Because it was going on so nicely, I've requested a new opensource project on SourceForge, where I hope the project is going to be hosted. Keep you posted on the acceptance and the link.

[edit]

Patty got approved and is released here: patty

Home page, roadmap, documentation, screenshots, etc. will be added soon. Binaries and source have already been posted.

Tuesday, December 27, 2005

Java Virtual Machine Tool Interface

I'm playing around with JVMTI now.

JVMTI allows you to do a couple of useful things:
  • Query all objects of a particular class and iterate over them to see what other objects are reachable from those classes. This also allows you to analyse the amount of heap consumed by certain classes, like singletons or HTTP sessions.
  • Native method entry / exit. A bytecode instrumentation implementation for execution profiling is more efficient though, because it only hits the classes that are instrumented.
  • Redefine classes at runtime. Useful for instrumenting/deinstrumenting classes on demand. This also allows you to run a profiler in production at no overhead.
  • Analyse thread contention on synchronized blocks.
  • Single step through the code to analyse code coverage. This should probably only be done during unit testing.
In my implementation, I'm using 2 computers. One is running the JVM with the JVMTI agent, the other is running a daemon that receives events and records them in memory.

Ideally, I wish to run a GUI on top of the daemon with some command abilities, so that a control socket into the JVM can be used to send commands to the profiling application. This GUI is likely to become some sort of simple Tomcat / Struts application that renders a couple of views in real-time on a webserver, based on the received information so far. That can also be used to print heap memory usage / changes in realtime.

The idea is to do the following:
  • Collect real-time information about code execution, avg/min/max.
  • Collect code coverage statistics per class and method.
  • Instrument classes at runtime to analyse method execution timings.
  • Request memory usage of reachable classes from a particular class type and analyse this over time when the application is running.
  • Request memory usage of all objects per class type and put this into a list / diagram.
  • Send garbage collection requests at runtime for analysing memory leaks and the impact of long-running sessions.
  • Deinstrument classes on demand.
  • Analyse thread contention.
  • ... Some more features in the future.
Sun has researched another technology called JFluid, which has even more features than JVMTI and is just becoming productized for use in NetBeans probably.
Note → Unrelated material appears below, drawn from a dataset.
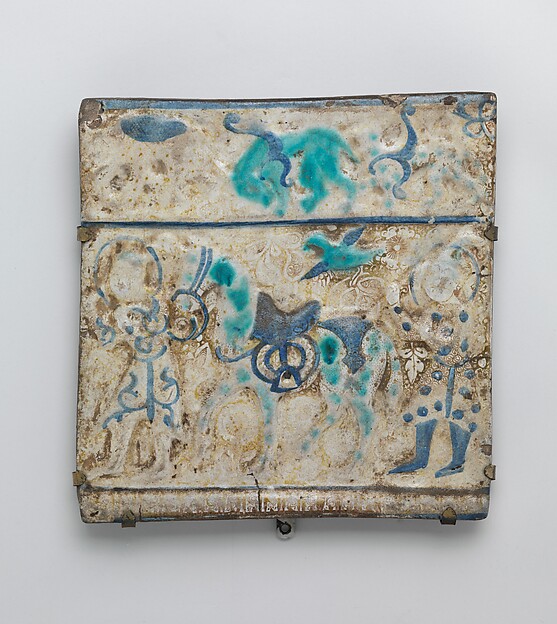 Square Tile by an unrecorded maker, The Metropolitan Museum of Art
I don't really need so many features though, just some good in-depth information what goes on inside the JVM.

Monday, December 19, 2005

Source Code Versioning systems

I've been using a couple of versioning systems now. Some I like,
some I highly dislike.

I've used MS VSS, cmm, cvs, ClearCase, svn and many have interesting
features, but none comes close to satisfying all of the needs that
I have as a developer. Some of them are rich in features, but slow
in operation.

This is one of the things I am thinking of. Developing a module
that can use a web-based front-end on Tomcat to organise sources,
backed up by a database. A client-side daemon process connects to
the server-process and retrieves XML-based repository information plus
optionally different streams of codebases.

CVS almost forces you to look at a single view at a time, unless you
manually set it to do something different. CVS keeps the repo files
inside the same directories, which makes compilation and source management
quite difficult unnecessarily.

Most of the tools were written in C/C++ with the largest overhead in
file management. Which shows clearly that with Java, where files can
be managed easier ( no more string-length checking, etc. ), this can
be implemented much easier and quicker. I am thinking of using Derby
as a local database implementation, rather than individual files to
record information, and to use XML for transferring repository information.

What I want is a system that:
  • Shows baselines and streams of the repository in an easy manner, like an overview and I can choose from them.
  • Shows a description of what the baseline means
  • Lets a user download the whole baseline or stream locally without too much fuzz ( setup view, create local repo, etc... )
  • Can import a new project/baseline through a GUI system
  • Automatically updates local files when updates happen remotely.
  • Does not create alien files within the source directory
  • Can let users work with multiple streams locally, without having to redownload or do extra stuff for diffs, etc.
  • Should not use a network-mapped drive.
  • Allows easy baseline management.
  • Enables good overviews for extra meta-information on repos ( no lines, no changes, what changes are, searching for changes, etc ), maybe even up to annotation.
Well, just some good ideas anyway, now up for the design :)